■ DATA ■
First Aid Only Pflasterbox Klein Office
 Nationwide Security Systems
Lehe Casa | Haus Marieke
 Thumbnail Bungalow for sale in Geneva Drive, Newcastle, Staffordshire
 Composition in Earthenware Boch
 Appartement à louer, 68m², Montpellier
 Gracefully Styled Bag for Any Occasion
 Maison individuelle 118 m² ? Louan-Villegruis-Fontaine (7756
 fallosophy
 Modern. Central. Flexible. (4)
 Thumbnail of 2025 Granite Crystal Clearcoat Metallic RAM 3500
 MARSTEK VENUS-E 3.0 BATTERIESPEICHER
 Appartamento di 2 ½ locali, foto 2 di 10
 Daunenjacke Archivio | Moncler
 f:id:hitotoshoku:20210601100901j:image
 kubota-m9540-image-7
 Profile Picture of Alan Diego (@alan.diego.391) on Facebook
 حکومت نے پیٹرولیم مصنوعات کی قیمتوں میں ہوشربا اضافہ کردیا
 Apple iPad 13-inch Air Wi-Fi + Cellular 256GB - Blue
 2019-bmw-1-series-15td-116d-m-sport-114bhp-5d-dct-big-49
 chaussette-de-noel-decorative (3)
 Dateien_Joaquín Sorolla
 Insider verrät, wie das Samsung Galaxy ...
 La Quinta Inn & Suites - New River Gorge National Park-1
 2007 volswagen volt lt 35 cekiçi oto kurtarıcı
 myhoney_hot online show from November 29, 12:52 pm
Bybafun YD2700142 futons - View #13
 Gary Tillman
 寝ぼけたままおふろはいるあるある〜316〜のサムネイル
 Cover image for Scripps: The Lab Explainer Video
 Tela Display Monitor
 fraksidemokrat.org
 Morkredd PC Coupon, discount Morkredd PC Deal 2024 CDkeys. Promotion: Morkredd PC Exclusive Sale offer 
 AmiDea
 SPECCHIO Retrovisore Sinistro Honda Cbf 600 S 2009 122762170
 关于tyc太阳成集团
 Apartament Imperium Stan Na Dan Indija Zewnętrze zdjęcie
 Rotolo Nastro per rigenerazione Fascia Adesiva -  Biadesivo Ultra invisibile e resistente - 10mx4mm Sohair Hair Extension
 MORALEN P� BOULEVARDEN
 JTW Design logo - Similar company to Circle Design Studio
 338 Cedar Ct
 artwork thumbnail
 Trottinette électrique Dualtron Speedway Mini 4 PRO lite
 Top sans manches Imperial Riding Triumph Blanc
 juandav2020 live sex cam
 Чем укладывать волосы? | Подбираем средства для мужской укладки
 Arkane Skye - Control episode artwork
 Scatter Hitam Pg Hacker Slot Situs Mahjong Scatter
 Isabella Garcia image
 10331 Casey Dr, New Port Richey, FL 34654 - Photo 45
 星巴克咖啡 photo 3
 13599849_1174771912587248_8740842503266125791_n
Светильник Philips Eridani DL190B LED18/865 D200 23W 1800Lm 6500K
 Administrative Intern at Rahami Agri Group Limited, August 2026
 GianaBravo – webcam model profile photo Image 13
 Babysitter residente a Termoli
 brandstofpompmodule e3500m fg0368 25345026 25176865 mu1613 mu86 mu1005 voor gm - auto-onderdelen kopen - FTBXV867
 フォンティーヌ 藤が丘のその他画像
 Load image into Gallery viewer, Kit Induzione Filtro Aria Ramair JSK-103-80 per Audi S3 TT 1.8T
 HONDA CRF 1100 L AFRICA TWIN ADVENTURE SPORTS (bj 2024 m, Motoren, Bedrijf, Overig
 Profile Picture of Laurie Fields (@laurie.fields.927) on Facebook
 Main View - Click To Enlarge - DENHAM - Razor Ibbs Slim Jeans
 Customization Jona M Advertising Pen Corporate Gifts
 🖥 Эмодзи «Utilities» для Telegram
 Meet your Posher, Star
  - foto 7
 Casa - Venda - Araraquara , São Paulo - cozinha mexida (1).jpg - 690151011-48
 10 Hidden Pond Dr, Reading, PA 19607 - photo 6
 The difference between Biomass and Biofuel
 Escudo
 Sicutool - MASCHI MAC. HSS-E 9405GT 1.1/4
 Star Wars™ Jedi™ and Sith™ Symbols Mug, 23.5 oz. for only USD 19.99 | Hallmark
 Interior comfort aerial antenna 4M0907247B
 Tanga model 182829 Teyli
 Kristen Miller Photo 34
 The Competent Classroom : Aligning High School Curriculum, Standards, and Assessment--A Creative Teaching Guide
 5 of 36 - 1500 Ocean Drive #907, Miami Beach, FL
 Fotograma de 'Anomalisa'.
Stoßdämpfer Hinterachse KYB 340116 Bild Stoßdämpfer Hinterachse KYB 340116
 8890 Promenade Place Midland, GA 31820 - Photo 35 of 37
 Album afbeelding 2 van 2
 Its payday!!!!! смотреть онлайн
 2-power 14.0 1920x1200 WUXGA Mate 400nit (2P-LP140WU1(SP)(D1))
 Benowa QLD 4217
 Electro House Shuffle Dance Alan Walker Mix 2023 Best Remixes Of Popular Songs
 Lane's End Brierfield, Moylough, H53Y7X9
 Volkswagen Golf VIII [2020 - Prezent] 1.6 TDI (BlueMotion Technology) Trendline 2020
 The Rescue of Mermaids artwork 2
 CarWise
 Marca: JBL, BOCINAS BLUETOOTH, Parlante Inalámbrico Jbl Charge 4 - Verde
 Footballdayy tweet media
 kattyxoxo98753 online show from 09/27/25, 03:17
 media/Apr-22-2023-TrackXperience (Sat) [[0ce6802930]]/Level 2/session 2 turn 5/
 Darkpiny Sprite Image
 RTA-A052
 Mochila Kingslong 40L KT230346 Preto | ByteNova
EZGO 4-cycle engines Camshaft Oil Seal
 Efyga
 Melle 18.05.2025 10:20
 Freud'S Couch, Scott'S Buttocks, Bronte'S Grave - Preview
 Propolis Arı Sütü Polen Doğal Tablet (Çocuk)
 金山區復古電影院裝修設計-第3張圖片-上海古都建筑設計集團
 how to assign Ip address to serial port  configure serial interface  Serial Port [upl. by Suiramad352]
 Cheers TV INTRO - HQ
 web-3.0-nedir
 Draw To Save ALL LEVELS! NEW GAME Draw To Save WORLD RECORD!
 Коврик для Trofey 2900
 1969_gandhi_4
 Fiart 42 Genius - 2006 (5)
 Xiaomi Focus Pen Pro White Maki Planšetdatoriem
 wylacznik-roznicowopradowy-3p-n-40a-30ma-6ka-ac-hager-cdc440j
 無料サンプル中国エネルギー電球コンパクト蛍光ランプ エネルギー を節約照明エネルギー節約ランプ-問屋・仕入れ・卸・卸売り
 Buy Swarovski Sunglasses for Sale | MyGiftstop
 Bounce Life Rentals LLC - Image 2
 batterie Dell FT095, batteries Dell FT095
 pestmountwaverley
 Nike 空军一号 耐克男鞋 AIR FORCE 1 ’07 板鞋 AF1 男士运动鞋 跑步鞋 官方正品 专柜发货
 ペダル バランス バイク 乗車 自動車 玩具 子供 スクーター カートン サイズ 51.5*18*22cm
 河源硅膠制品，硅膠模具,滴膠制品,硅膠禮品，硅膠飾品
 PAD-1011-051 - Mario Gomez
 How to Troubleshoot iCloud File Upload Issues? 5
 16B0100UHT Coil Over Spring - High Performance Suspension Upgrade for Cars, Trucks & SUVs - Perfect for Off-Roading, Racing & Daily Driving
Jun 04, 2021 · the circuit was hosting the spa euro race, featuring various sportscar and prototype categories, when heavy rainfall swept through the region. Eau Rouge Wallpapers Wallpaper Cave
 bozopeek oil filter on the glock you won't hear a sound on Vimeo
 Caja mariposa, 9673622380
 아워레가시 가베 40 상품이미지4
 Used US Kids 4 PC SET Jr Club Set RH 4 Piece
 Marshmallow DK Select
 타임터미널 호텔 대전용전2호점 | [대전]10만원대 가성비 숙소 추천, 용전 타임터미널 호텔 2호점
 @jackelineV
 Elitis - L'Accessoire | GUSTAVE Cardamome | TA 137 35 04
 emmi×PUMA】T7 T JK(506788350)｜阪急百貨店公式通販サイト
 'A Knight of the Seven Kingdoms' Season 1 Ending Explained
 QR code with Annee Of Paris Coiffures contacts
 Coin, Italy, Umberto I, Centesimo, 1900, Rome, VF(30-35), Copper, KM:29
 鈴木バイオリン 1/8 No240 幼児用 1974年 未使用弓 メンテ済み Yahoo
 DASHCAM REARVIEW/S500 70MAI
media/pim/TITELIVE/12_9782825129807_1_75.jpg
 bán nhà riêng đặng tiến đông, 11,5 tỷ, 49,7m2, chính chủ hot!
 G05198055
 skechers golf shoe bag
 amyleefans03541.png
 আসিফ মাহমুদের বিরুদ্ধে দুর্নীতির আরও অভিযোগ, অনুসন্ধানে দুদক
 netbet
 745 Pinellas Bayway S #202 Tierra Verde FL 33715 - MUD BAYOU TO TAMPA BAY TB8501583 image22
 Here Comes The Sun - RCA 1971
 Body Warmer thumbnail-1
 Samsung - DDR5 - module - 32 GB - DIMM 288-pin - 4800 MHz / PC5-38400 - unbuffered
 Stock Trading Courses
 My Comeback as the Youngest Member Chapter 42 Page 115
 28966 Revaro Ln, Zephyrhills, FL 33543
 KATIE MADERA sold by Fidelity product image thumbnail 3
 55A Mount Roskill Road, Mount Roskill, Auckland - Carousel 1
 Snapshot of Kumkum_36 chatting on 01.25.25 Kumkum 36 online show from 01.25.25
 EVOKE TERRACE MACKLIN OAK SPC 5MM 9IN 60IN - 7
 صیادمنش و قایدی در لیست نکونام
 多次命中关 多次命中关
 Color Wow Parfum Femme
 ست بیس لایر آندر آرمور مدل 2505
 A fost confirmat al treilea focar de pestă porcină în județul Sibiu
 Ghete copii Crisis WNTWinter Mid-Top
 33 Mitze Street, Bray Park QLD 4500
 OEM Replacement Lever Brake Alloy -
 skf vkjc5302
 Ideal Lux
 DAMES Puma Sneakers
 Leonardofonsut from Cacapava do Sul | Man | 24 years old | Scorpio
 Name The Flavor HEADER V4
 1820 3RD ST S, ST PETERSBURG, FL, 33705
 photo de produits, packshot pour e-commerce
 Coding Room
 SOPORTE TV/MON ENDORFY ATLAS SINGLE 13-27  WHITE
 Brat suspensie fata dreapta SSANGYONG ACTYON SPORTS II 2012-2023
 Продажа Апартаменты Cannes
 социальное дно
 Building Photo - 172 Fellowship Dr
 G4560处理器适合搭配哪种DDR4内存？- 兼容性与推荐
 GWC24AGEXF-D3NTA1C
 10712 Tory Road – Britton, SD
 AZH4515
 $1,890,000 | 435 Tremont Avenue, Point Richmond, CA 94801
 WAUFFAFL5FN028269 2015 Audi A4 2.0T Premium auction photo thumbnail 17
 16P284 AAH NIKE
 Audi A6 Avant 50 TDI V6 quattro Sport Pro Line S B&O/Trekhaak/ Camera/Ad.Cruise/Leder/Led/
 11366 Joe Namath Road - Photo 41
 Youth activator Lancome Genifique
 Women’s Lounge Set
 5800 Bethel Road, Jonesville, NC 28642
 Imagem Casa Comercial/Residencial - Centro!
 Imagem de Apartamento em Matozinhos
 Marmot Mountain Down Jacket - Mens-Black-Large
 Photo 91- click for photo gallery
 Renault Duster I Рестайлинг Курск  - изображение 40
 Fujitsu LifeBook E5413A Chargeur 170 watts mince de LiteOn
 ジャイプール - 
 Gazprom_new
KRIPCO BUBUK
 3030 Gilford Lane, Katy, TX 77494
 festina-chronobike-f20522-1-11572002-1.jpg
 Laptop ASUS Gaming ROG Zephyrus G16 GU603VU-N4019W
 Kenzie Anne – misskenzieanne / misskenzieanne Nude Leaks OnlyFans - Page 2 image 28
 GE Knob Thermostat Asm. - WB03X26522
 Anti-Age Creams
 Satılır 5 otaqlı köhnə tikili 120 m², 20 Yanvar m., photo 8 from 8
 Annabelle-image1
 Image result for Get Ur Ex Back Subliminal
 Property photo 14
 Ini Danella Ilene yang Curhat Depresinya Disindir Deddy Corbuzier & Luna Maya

■ WHAT IS EXPECTED ■
Copy range, inclusive: the line holding "SOPORTE TV/MON ENDORFY" to the line holding "Property photo 14". Reproduce exactly those lines of the records above and no others.

■ ANSWER FOR THE TASK ■
 SOPORTE TV/MON ENDORFY ATLAS SINGLE 13-27  WHITE
 Brat suspensie fata dreapta SSANGYONG ACTYON SPORTS II 2012-2023
 Продажа Апартаменты Cannes
 социальное дно
 Building Photo - 172 Fellowship Dr
 G4560处理器适合搭配哪种DDR4内存？- 兼容性与推荐
 GWC24AGEXF-D3NTA1C
 10712 Tory Road – Britton, SD
 AZH4515
 $1,890,000 | 435 Tremont Avenue, Point Richmond, CA 94801
 WAUFFAFL5FN028269 2015 Audi A4 2.0T Premium auction photo thumbnail 17
 16P284 AAH NIKE
 Audi A6 Avant 50 TDI V6 quattro Sport Pro Line S B&O/Trekhaak/ Camera/Ad.Cruise/Leder/Led/
 11366 Joe Namath Road - Photo 41
 Youth activator Lancome Genifique
 Women’s Lounge Set
 5800 Bethel Road, Jonesville, NC 28642
 Imagem Casa Comercial/Residencial - Centro!
 Imagem de Apartamento em Matozinhos
 Marmot Mountain Down Jacket - Mens-Black-Large
 Photo 91- click for photo gallery
 Renault Duster I Рестайлинг Курск  - изображение 40
 Fujitsu LifeBook E5413A Chargeur 170 watts mince de LiteOn
 ジャイプール - 
 Gazprom_new
KRIPCO BUBUK
 3030 Gilford Lane, Katy, TX 77494
 festina-chronobike-f20522-1-11572002-1.jpg
 Laptop ASUS Gaming ROG Zephyrus G16 GU603VU-N4019W
 Kenzie Anne – misskenzieanne / misskenzieanne Nude Leaks OnlyFans - Page 2 image 28
 GE Knob Thermostat Asm. - WB03X26522
 Anti-Age Creams
 Satılır 5 otaqlı köhnə tikili 120 m², 20 Yanvar m., photo 8 from 8
 Annabelle-image1
 Image result for Get Ur Ex Back Subliminal
 Property photo 14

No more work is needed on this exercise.